Qualunque sia l’avversario John Wall penetra, fa chiudere la difesa e scarica. E il movimento di Porter per assicurare una linea di passaggio pulita vale tanto quanto l’assist.
In questo momento Otto Porter è il miglior tiratore da 3 dell’intera lega, è quinto per Percentuale Reale (in mezzo a lunghi che vivono a pochi centimetri dal ferro e, vabbè, a Kevin Durant) e per Percentuale Effettiva (nettamente primo tra i perimetrali).
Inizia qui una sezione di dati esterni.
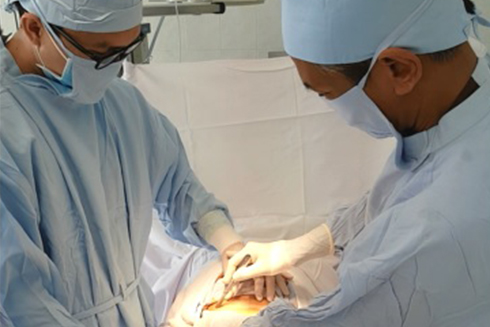 BV ĐKKV Cam Ranh - Khánh Hoà: Mổ lấy thai thành công cho sản phụ có 3 vết mổ thai cũ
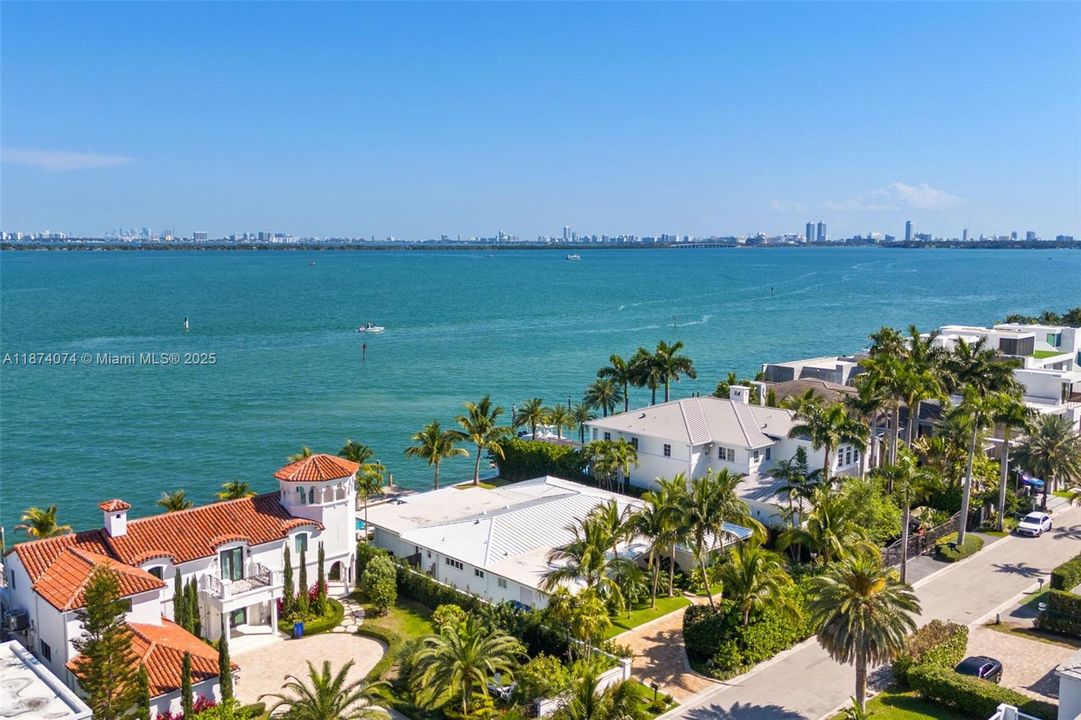 En Venta: $12,500,000 (4 camas, 4 baños, 3671 Pies cuadrados)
In pratica, sputa letteralmente fuoco e fiamme da ogni punto dell’arco (tolto l’angolo sinistro, che è territorio di caccia di Beal).
I suoi progressi al tiro nell’arco della carriera, a partire dal college, sono ai limiti dell’incredibile (per gli umani eh: tirare in ballo Kawhi Leonard non vale) e se a questo si unisce un’ottima attitudine difensiva soprattutto in aiuto grazie a braccia infinite, tempismo e letture perfette, si ha a che fare con un giocatore di complemento in grado di rendersi utile a qualsiasi livello, nonostante piedi non rapidissimi che possono metterlo in difficoltà nelle situazioni di isolamento contro avversari rapidi.
Chi più di tutti incarna il cambiamento in atto a Washington è però Bradley Beal. In ordine sparso: quando si siede in panchina gli Wizards collassano (impatto paragonabile a Curry e Westbrook, per rendere l’idea); ha iniziato a portare blocchi anche lontano dalla palla — che spesso hanno efficacia limitata, ma sono fondamentali per tenere attenta la difesa e testimoniano la dedizione alla causa; al quinto anno di carriera sta per certi versi ripercorrendo le orme di Ray Allen e Reggie Miller; la sua intesa con Wall ha fatto enormi passi avanti (poco meno di metà dei suoi punti a partita derivano da assist dell’ex Kentucky); nelle occasioni più rilevanti è garanzia di spettacolo… e sicuramente ci sarà altro. Career year, ma non è finita qui nemmeno per sbaglio (si spera).
La partita dell’anno
A proposito della (probabile, finora) miglior partita di questa regular season, un paio di considerazioni: i Cavs non saranno nel loro momento di massimo splendore, ma è servita una super prestazione offensiva di Kevin Love (in versione cecchino… e quell’assist), Kyrie Irving (che sta tirando col 50% nelle triple dal palleggio in isolamento) e LeBron (con un buon aiuto dalla sorte, anche se ricezione, arresto e elevazione sul canestro del pareggio a 3 decimi di secondo dalla fine sono clamorosi) per fermare la corsa degli Wizards, che hanno risposto tiro (pesante) su tiro (pesantissimo) alla tempesta perfetta dei campioni in carica nell’ultimo quarto. Già solo questo dovrebbe bastare a considerare Washington una reale pretendente a un posto in finale di Conference, nonostante in attesa di Ian Mahinmi il solo Kelly Oubre (altro capolavoro di gestione umana da parte di Brooks) e pochi sprazzi di Jason Smith sembrino affidabili in uscita dalla panchina (manca comunque una guardia, perché su Trey Burke va messa definitivamente una pietra sopra). Un raffreddore a uno qualsiasi dei titolari rischia di avere effetti devastanti.
Negli spogliatoi John Wall, oltre ad incassare i complimenti di LeBron, ha elogiato apertamente la squadra. Capire quando usare il bastone e quando la carota è una grandissima qualità per un leader e se prima di parlare si è agito, con una stagione da All-NBA e con impegno massimo in ogni momento di ogni partita, l’eventuale strigliata ha tutto un altro effetto.
A Washington si fa sul serio ormai da due mesi. E c’è un giocatore in missione, alla guida di un gruppo in missione. Il momento per dedicargli la giusta attenzione è questo.